But back to Ireland.  I think Ulster Protestants caused enough “troubles” by acting — with the hypocritical support of England — like they were a besieged minority that couldn’t be part of the Irish Republic.  So if a majority of Northern Irish voters chose to exit the Brexit, that’s a golden opportunity just dropped out of the heavens into our laps to correct an egregious historical wrong.  The invasion and conquest of Ireland, its depopulation and the ripping to shreds of its society, culture and language did not start with the Potato Famine of the nineteenth century.  It started with the Normans and the Plantagenets, and then the Tudors and the Stuarts and, finally, Cromwell and his Taliban, and it was a grueling, vicious, murderous process, as violent, or more, as any of Britain’s other colonial wars and right on Europe’s front door, and the Plantation of Ulster itself and the rest of Ireland was a conscious colonial policy of appropriating land and settling poor Protestant Scots and northern Englishmen in the country in order to “civilize” it and break Irish resistance to English hegemony.

Ireland_Protestants_1861-2011

If the above maps seem to indicate that a large number of Protestants left the Irish Republic in the twentieth century because they didn’t feel comfortable without the English crown’s protection, that’s unfortunate (it was not so unfortunate in cases where the Anglo-Irish elite felt they had to flee when their expropriated land was re-expropriated) but that can’t be a justification for the continued amputation of the country.

It’s a classic strategic move, though.  Ulster Protestants are not a socioeconomic group comparable to the Anglo-Irish landowners; they were always as squire-ridden as their Catholic neighbors and are still pretty much on equal footing in that sense.

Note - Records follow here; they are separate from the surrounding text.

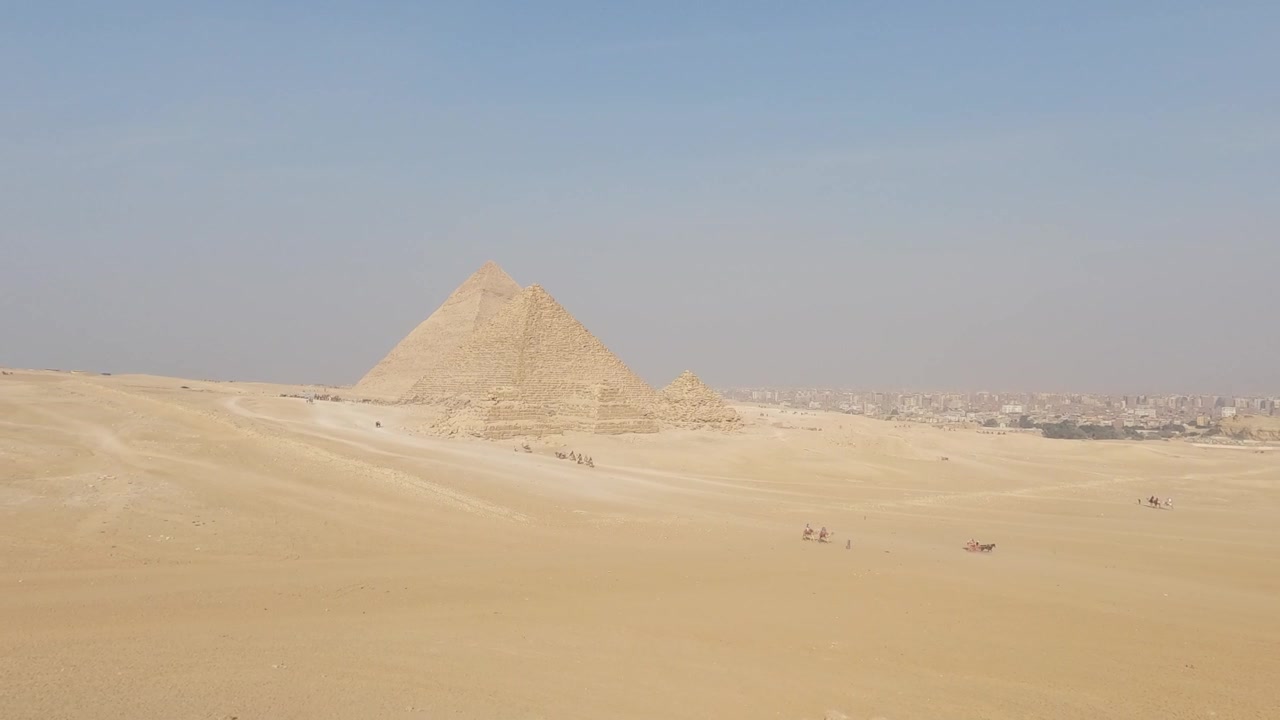 Complesso piramidale di Giza in Egitto da lontano.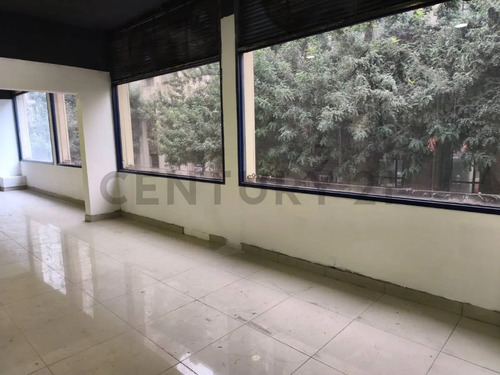 Arriendo Gran Local En Centro Cívico Santiago Centro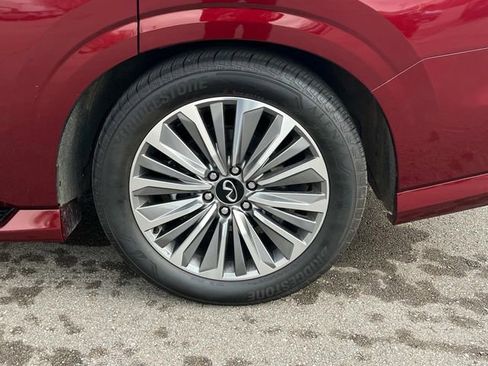 Used 2025 INFINITI QX80 Sensory image 17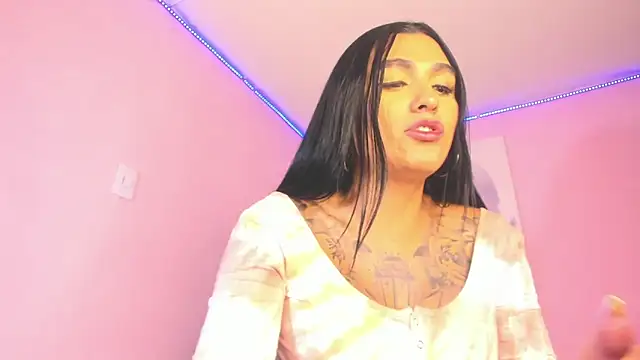 BiancaValentinna online show from February 3, 8:03 pm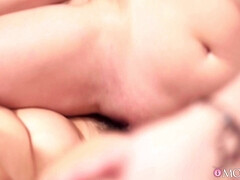 69, ぽっちゃり, デカパイ, キス, 淫乱熟女, 自然山雀, タトゥー, オッパイの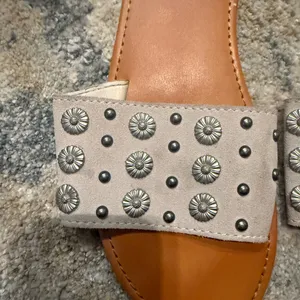 American Eagle | Tan and Silver Studded Sandals size 9 thumbnail 5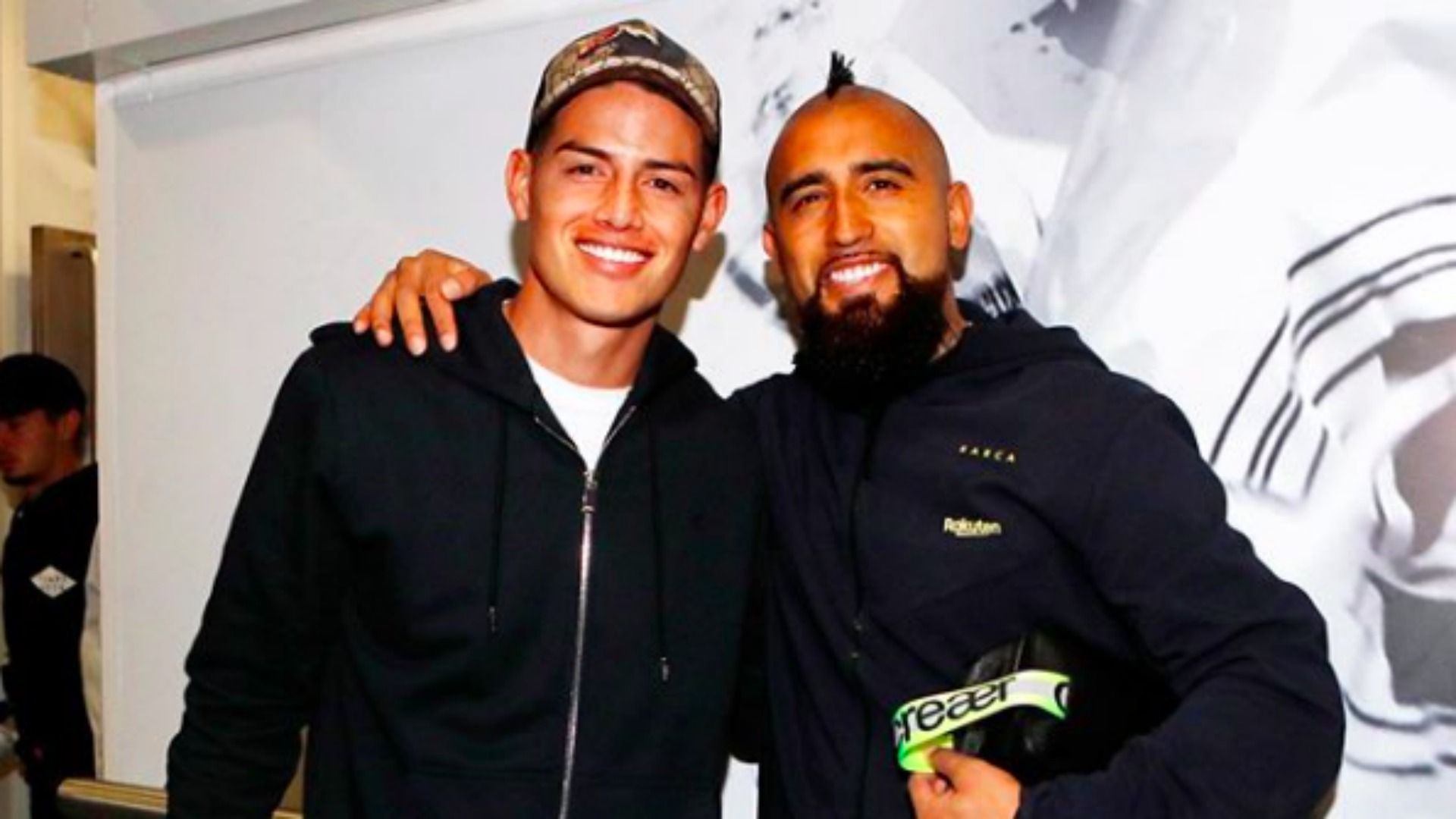 James Rodríguez - Arturo Vidal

But everybody has to be better than somebody, or else you’re nobody.  So, just like Catalans have to think they’re really Mare-Nostrum-Provençal Iberians (3 ***) and not part of reactionary Black Legend Spain; or Neo-Greeks have to think that they’re better than their Balkan neighbors (especially Albanian “Turks”) because they think they’re the descendants of those Greeks; or the largely lower-middle class, Low Church Anglican or Presbyterian or Methodist Brits who fled their socioeconomic status back home and went out to India in the nineteenth century in order to be somebody, had to destroy the socially laissez-faire modus vivendi that had existed there between Company white-folk and Indians, creating an apartheid and religiously intolerant, aggressively evangelizing, social system that laid the groundwork for the unbelievable blood-letting of the Indian Rebellion of 1857; or, perhaps history’s greatest example, poor whites in the American South (many, ironically, of Northern Irish Protestant origin) that had to terrorize Black freedmen back into their “place” because the one thing they had over them in the old South’s socioeconomic order, that they weren’t slaves, had been snatched away (and one swift look at the c-ontemporary American political scene shows clear as day indications that they’re, essentially, STILL angry at that demotion in status); or French Algerians couldn’t stomach the idea of living in an independent Algeria where they would be on equal footing with Arab or Berber Algerians.  So Protestant Ulstermen couldn’t tolerate being part of an independent state with these Catholic savages.

White Mughals Dalrymple

Freedman_bureau_harpers_cartoonA Bureau agent stands between armed groups of whites and Freedmen in this 1868 sketch from Harper’s Weekly.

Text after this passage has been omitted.